4

I want to extend the question asked here

The solutions in the above question return True or False. And the boolean values can be used to subset the right values.

However, I want to get the search value that matched a substring.

For example,(borrowing from the above question)

s = pd.Series(['cat','hat','dog','fog','pet'])
searchfor = ['og', 'at']

I want to know that 'cat' matched with 'at' and dog matched with 'og'

cs95
  • 379,657
  • 97
  • 704
  • 746
Sharvari Gc
  • 691
  • 1
  • 11
  • 25

2 Answers2

5

IIUC, you want the values to reflect the index of the item in the searchfor list that matched your word. You can start by modifying your searchfor object -

m = {'^.*{}.*$'.format(s) : str(i) for i, s in enumerate(searchfor)}

This is a dictionary of <pattern : index> mappings. Now, call pd.Series.replace with regex=True -

s = s.replace(m, regex=True)
s[:] = np.where(s.str.isdigit(), pd.to_numeric(s, errors='coerce'), -1)

s

0    1
1    1
2    0
3    0
4   -1
dtype: int64

If you want a list of matched values by pattern, you'll need str.extract + groupby + apply -

p = '(^.*({}).*$)'.format('|'.join(searchfor))

s.str.extract(p, expand=True)\
 .groupby([1])[0]\
 .apply(list)

1
at    [cat, hat]
og    [dog, fog]
Name: 0, dtype: object
cs95
  • 379,657
  • 97
  • 704
  • 746
  • Thanks. That worked. However, I realized what I actually want is to return all the matched strings as comma separated values. I will ask another question for it. – Sharvari Gc Feb 05 '18 at 02:55
  • @SharvariGc No, don't worry about it. I'll edit my answer. Edit: Done, see my latest edit. – cs95 Feb 05 '18 at 03:11
  • Thanks.
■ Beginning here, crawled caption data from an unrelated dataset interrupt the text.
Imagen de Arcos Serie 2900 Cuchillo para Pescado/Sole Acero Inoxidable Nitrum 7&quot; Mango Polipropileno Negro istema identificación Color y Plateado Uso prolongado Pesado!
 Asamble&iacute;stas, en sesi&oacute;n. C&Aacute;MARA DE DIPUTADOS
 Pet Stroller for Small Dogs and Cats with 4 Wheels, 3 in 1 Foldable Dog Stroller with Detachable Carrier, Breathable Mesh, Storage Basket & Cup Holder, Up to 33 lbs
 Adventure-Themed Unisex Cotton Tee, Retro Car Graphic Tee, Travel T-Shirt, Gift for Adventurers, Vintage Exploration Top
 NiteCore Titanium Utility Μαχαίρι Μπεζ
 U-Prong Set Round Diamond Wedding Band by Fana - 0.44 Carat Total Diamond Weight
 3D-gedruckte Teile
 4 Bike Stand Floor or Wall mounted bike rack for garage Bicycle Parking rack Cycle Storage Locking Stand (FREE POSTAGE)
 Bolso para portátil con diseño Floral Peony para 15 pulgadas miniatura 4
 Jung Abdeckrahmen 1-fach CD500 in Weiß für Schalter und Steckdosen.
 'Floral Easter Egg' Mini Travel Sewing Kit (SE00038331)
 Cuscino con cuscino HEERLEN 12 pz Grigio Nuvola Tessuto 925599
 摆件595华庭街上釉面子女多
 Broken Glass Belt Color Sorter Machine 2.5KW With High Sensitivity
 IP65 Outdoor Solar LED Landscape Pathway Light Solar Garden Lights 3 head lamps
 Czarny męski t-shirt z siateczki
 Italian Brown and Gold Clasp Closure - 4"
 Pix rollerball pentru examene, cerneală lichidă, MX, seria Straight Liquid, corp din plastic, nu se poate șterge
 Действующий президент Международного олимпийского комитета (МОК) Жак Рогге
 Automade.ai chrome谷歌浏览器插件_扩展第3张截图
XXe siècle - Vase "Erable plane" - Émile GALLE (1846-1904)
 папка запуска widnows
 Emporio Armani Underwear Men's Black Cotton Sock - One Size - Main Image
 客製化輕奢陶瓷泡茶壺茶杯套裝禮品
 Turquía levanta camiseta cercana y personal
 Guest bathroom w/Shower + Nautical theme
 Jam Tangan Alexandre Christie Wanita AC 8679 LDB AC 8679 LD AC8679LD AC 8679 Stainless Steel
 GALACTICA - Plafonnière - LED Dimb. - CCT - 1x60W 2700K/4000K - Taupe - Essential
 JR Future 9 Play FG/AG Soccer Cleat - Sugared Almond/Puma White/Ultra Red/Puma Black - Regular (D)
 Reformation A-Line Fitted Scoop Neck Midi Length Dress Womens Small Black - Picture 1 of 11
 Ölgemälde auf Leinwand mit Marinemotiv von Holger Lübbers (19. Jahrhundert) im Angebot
How would I get ['og,at'] for the first element of the series, s = pandas.Series(['cat dog','hat cat','dog','fog cat','pet']) while searching for searchfor = ['og', 'at'] – Sharvari Gc Feb 05 '18 at 03:44
  • It is really hard think outside the np.where :-) – BENY Feb 05 '18 at 03:51
  • @SharvariGc Ah... that's quite hard. Can you open another q? – cs95 Feb 05 '18 at 03:53
  • asked here [link](https://stackoverflow.com/questions/48615699/pandas-return-all-matched-keys-for-each-strings-value-in-a-series) @COLDSPEED – Sharvari Gc Feb 05 '18 at 04:03
2

This is by using defaultdict + replace finally I made it ..

d=dict(zip(searchfor,[""]*2))

s1=s.replace(d,regex=True)
import collections
d = collections.defaultdict(dict)
for x,y in zip(s1.index,s1):
    d[x][y]=''

s.to_frame('a').T.replace(dict(d), regex=True).T.a


Out[765]: 
0    at
1    at
2    og
3    og
4      
Name: a, dtype: object
BENY
  • 317,841
  • 20
  • 164
  • 234